### The data
-*-*-
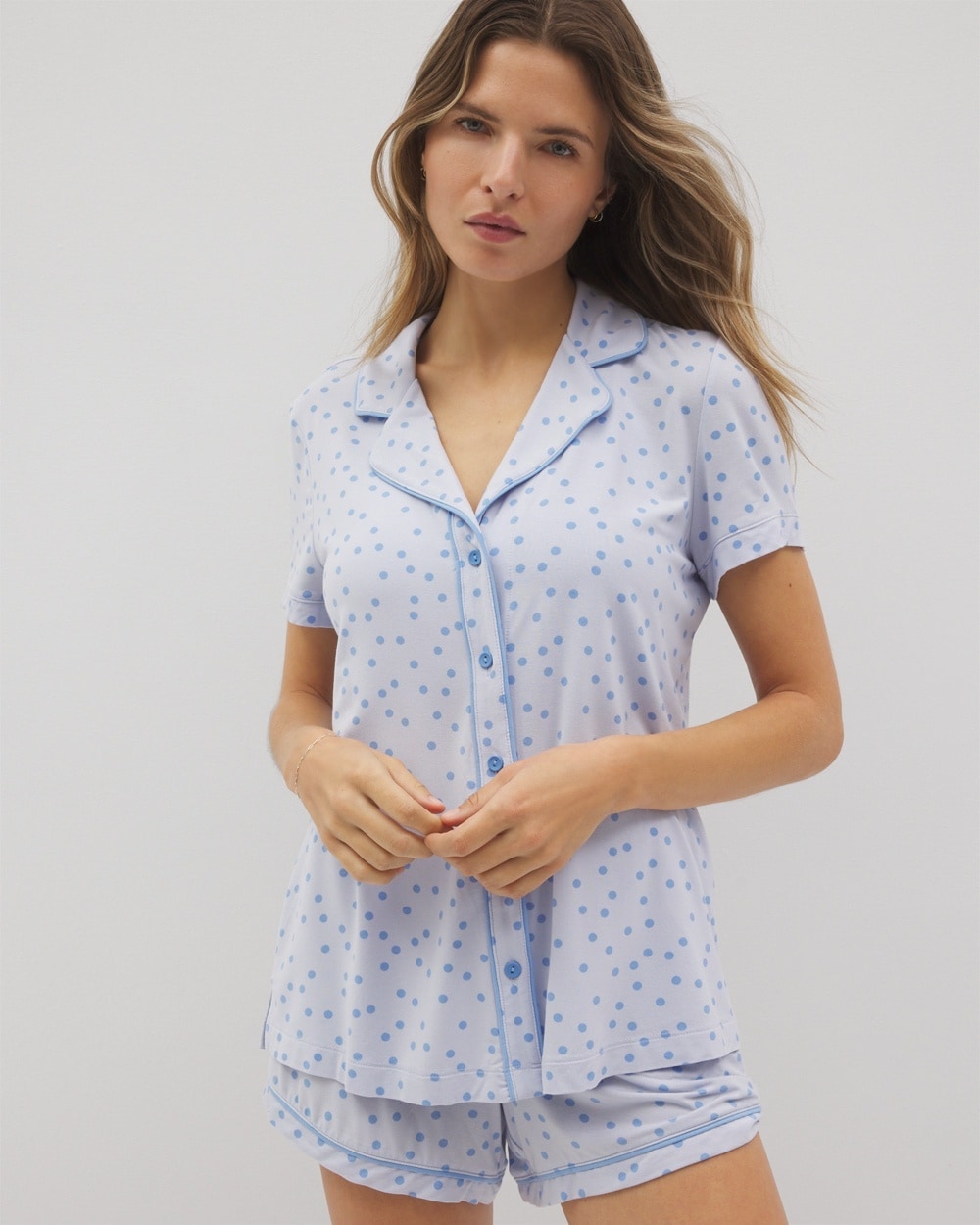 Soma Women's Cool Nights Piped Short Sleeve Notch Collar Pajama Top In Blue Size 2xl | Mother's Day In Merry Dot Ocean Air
-*-*-
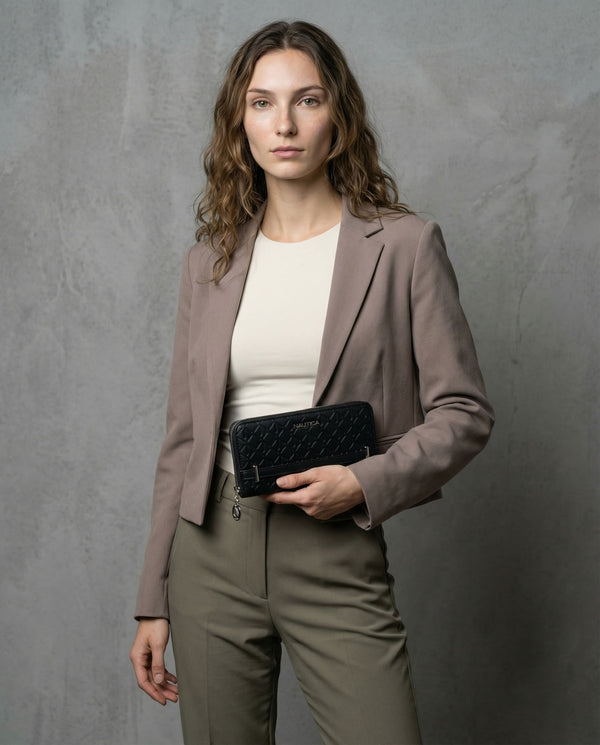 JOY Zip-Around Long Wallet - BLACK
-*-*-
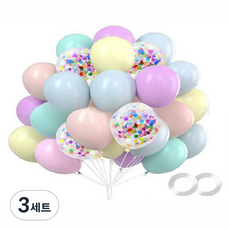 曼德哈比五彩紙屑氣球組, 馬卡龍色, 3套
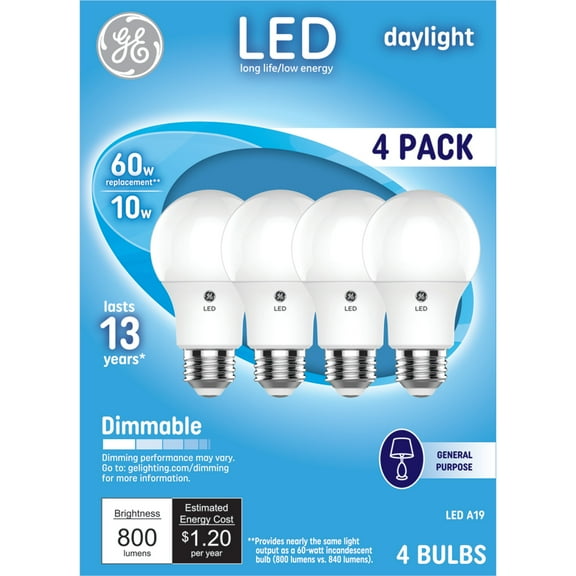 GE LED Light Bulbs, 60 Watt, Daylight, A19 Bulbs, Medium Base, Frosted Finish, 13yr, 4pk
-*-*-
### Your task
Return exactly the lines above, from the one with "曼德哈比五彩紙屑氣球組, 馬卡龍色, 3套" up to and including the one with "GE LED Light", and include no pictures.

### Reply
 曼德哈比五彩紙屑氣球組, 馬卡龍色, 3套
 GE LED Light Bulbs, 60 Watt, Daylight, A19 Bulbs, Medium Base, Frosted Finish, 13yr, 4pk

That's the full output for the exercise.